Henry Dundas and the East India Company

Pillage and patronage in Scotland's interest

Dundas was President of the Board of Control over the East India Company from 1793-1801; the History of Parliament describes his India interests thus:

India was doubtless the brightest jewel in his [Dundas'] crown: it made possible what Canning called his system of ‘pillage and patronage’. It was a commonplace of the time that ‘Scotland and India Dundas ruled and fed the one with the other’. Patronage apart, Dundas’s view of British India did not extend to colonization: it involved commercial exploitation and monopoly, with the corollary of depriving competitors of their footholds. ‘As long as he is in office’, wrote Rev. Sydney Smith, ‘the Scotch may beget younger sons with the most perfect impunity. He sends them by loads to the East Indies, and all over the world.’ Dundas’s Admiralty office and his intimacy with the Duke of York as commander-in-chief gave him the key to military patronage for his Scottish clients. There was scarcely a family in Scotland which had not been under obligation to him, Lord Minto maintained. As the distribution of loaves and fishes did not appeal to Pitt, Dundas became his ‘old jobber’. ...

His chief subject, however, was India, and later that month [December 1790]  he was a spokesman for the continuation of Warren Hastings’s impeachment (though on 27 May 1791 and 11 Feb. 1793 he spoke in favour of its abridgement) and made the first of many speeches in that and the ensuing session in defence of Cornwallis’s offensive against Tipu in India. The defence of the India budget had also become his annual responsibility. On all other subjects he had less to say ... In June 1791, in addition to being a commissioner for India and treasurer of the navy, he became Home secretary in the government reshuffle, ‘the first Scotchman to be Home secretary since James II’s reign’, as Lord Spencer remarked. George Rose commented, ‘I am afraid of unpopularity and a revival of a cry against the Scotch when the patron and leader of Scotland is put into the highest situation of authority here’. It was, however, at first regarded as a temporary expedient until Lord Cornwallis became available. Ironically Dundas, whom Pitt had at first intended for the Foreign, not the Home Office, spoke more often after his appointment on foreign than on domestic issues, notably in defence of the armament against Russia as a means of effecting peace between Russia and the Porte.

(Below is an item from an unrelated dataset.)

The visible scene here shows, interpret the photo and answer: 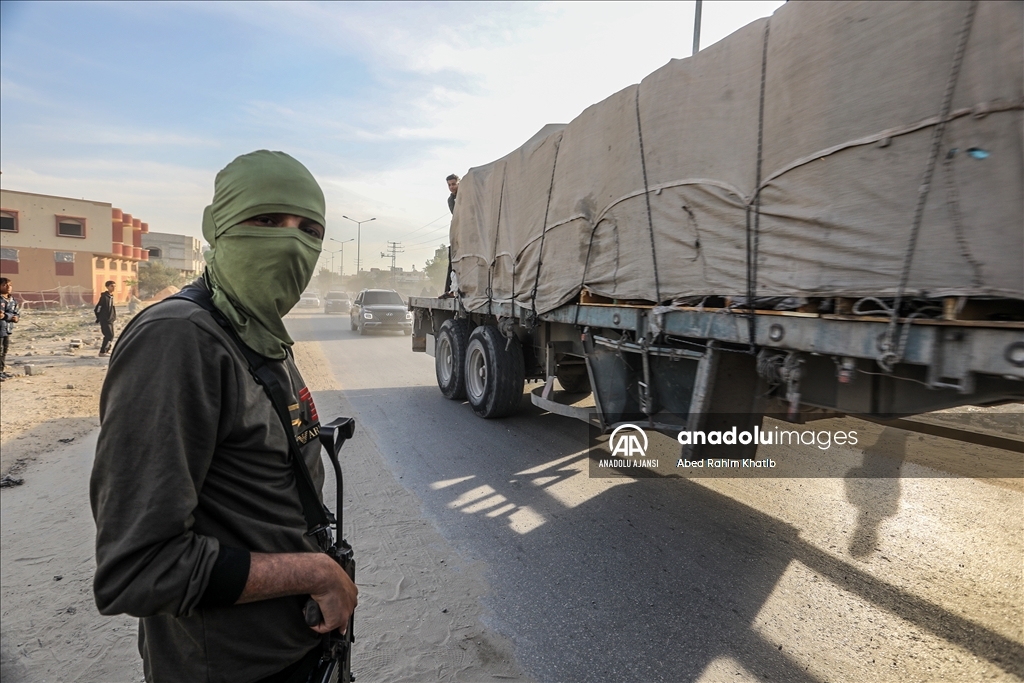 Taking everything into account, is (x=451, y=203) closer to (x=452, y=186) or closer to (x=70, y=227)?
(x=452, y=186)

On 2 Apr. 1792 Dundas made himself the champion of ‘gradual’ abolition of the slave trade and carried his case against the ‘immediate’ abolitionists by 193 votes to 125; on 23 Apr. he submitted resolutions fixing 1800 as the date for final abolition. Pitt did not agree and Dundas surrendered to the majority who preferred a terminal date of 1796, though he offered to advise on any bill they drafted. ... The outbreak of war [with France in 1793]interrupted one of his major responsibilities, the justification of the renewal of the East India Company charter continuing ‘the domestic plan of administration’ there as well as the Company’s commercial monopoly. This policy he presented in 33 resolutions on 23 Apr. 1793 and subsequently carried in committee. As a result he became first paid president of the Board of Control in place of Lord Grenville. Henceforward his India budgets included the home as well as the Indian resources of the Company. ...

In presenting the East India budget, 4 Apr. 1794, he exulted in the complete destruction of the enemies of British India, external and internal. He took upon himself henceforward until 1799 the pleasant duty of congratulating the victorious admirals of the fleet, and Canning, who at this time remarked that ‘nobody has pleasanter conversation and better wine than Dundas’, added that good news of far-flung expeditions made him liberal of both. ... On leaving the Board of Control [of the East India Company] in May 1801 he accepted, after previously refusing it, an East India Company pension of £2,000 as long as their charter was in force. On the strength of this, he had declined the King’s offer of an increase in his privy seal salary.